%%

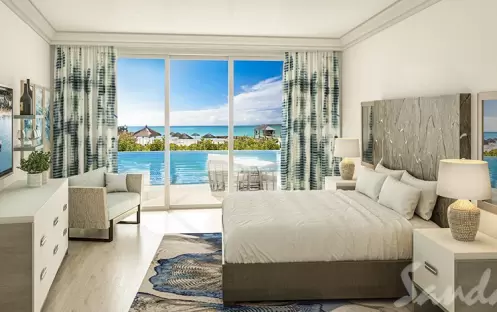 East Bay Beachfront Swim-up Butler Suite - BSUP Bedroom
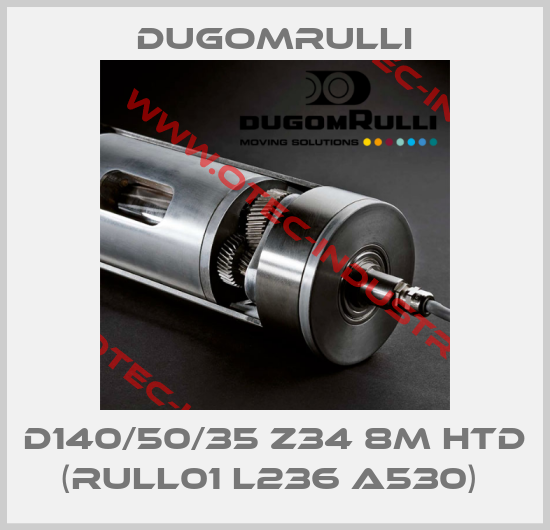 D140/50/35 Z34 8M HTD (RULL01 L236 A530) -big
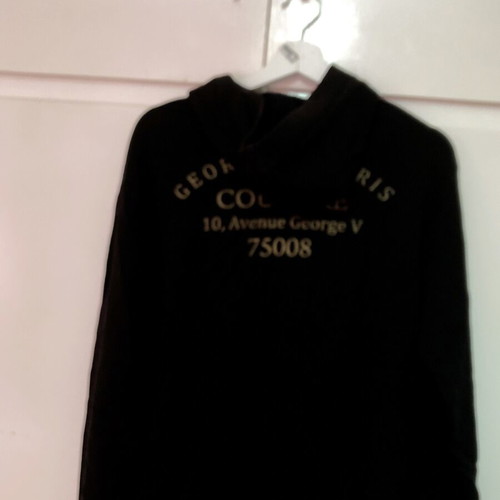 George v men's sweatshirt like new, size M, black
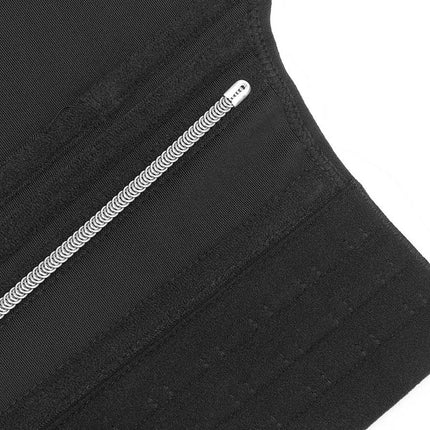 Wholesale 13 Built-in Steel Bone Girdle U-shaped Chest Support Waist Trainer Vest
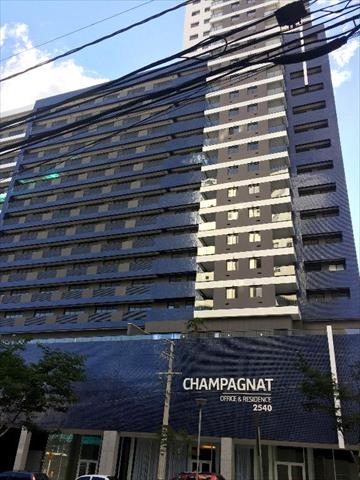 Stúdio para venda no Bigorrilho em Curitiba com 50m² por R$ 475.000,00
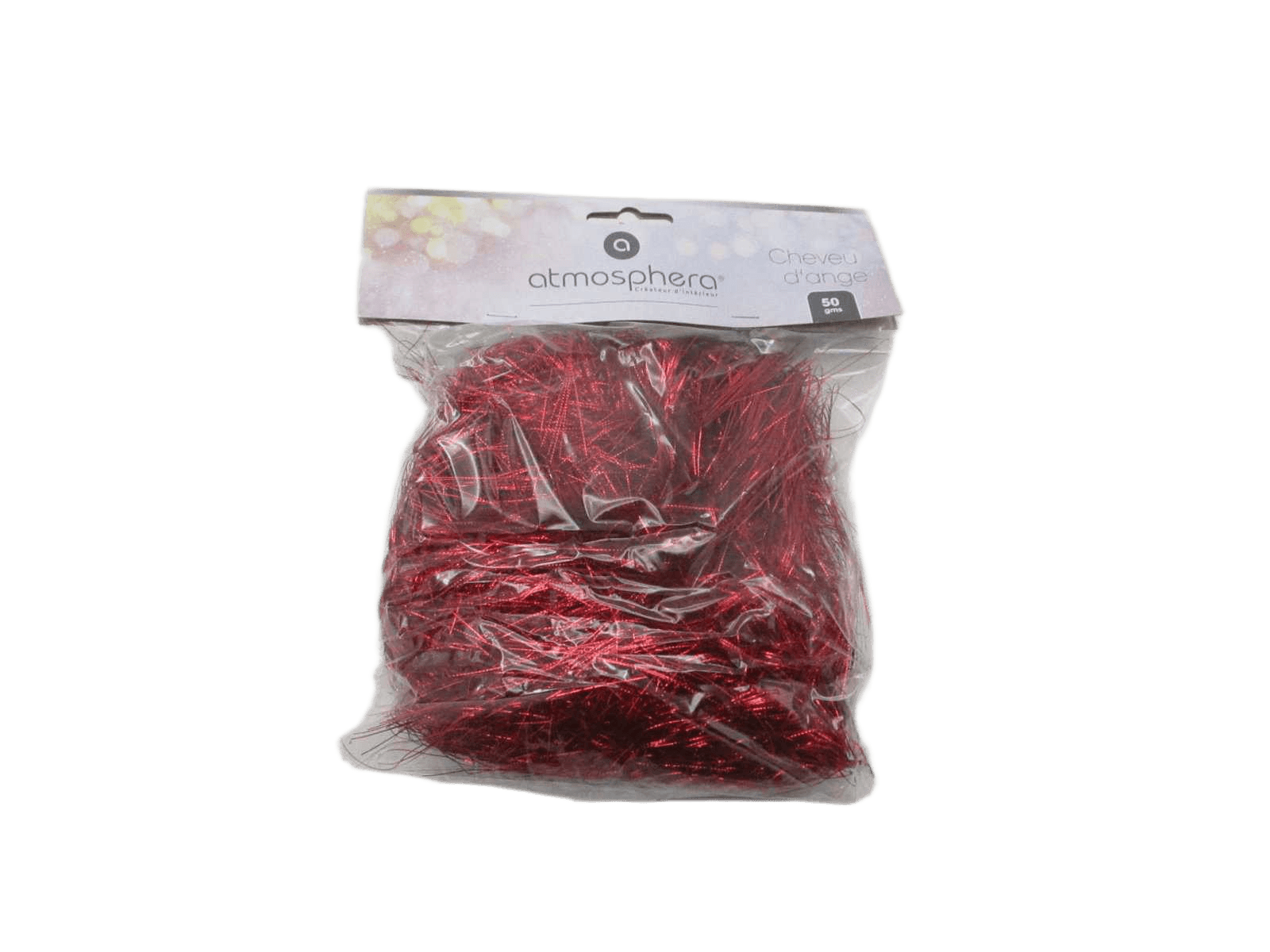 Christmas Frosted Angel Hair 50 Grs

%%
%%

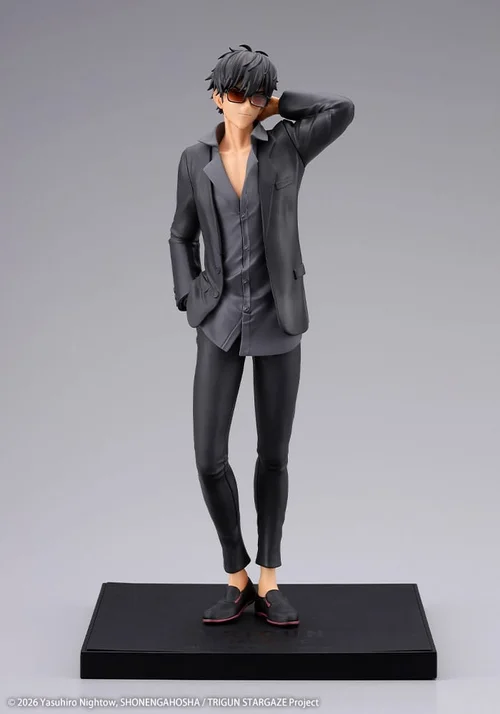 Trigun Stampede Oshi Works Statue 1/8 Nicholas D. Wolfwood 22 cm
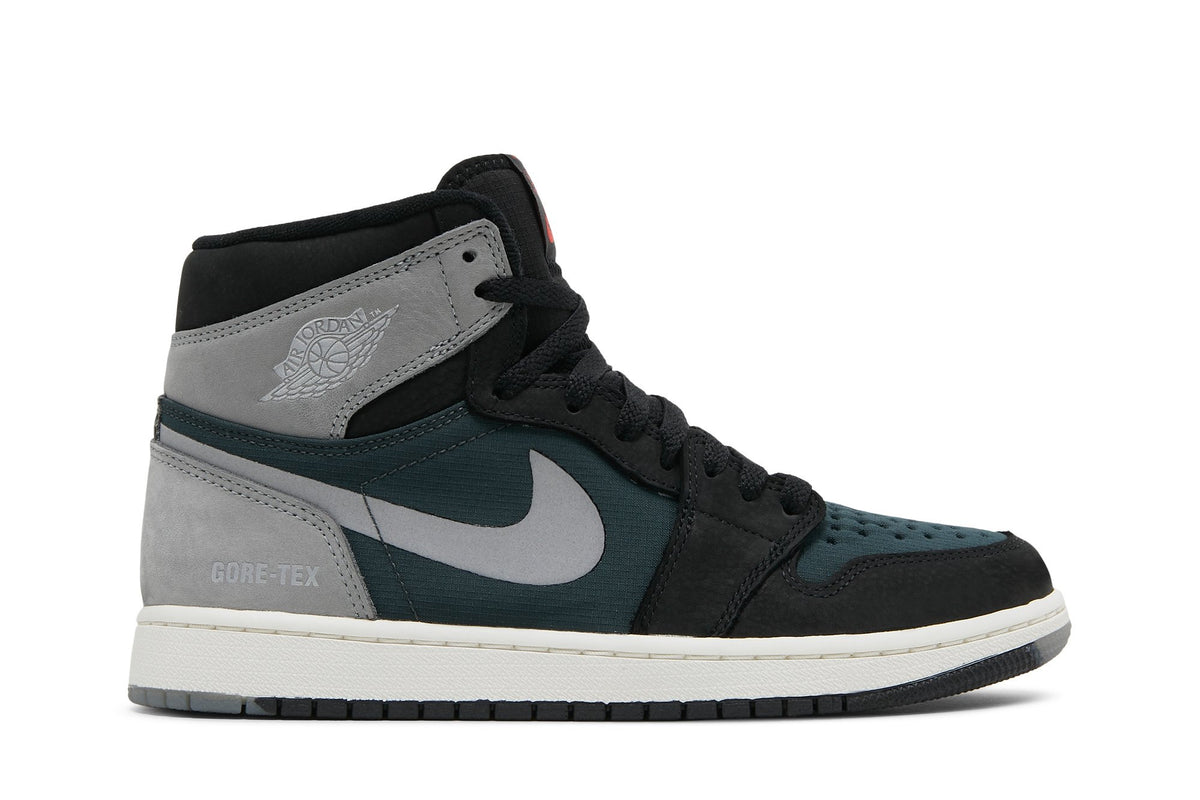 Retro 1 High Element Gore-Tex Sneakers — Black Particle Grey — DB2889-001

%%
%%

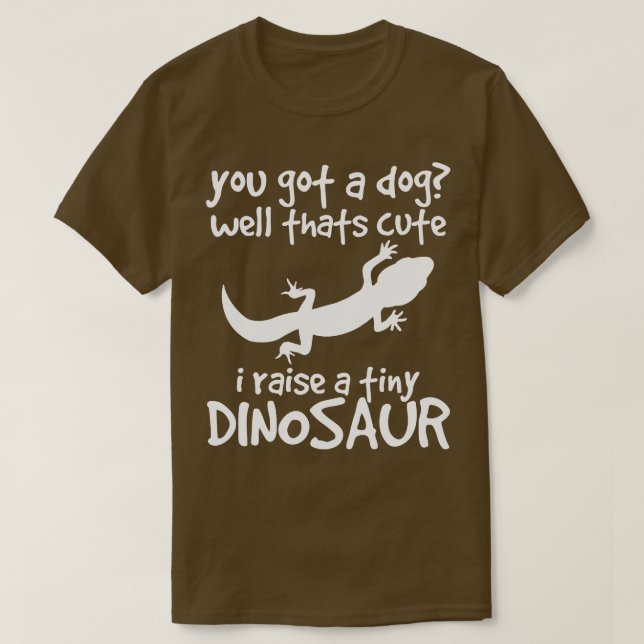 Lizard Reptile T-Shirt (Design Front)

%%

Task requirements >> From the data above, retype only the lines starting with the line with "East Bay Beachfront" and going on through the line with "Christmas Frosted Angel Hair 50 Grs", exactly, leaving out the pictures.

Written reply >>
 East Bay Beachfront Swim-up Butler Suite - BSUP Bedroom
 D140/50/35 Z34 8M HTD (RULL01 L236 A530) -big
 George v men's sweatshirt like new, size M, black
 Wholesale 13 Built-in Steel Bone Girdle U-shaped Chest Support Waist Trainer Vest
 Stúdio para venda no Bigorrilho em Curitiba com 50m² por R$ 475.000,00
 Christmas Frosted Angel Hair 50 Grs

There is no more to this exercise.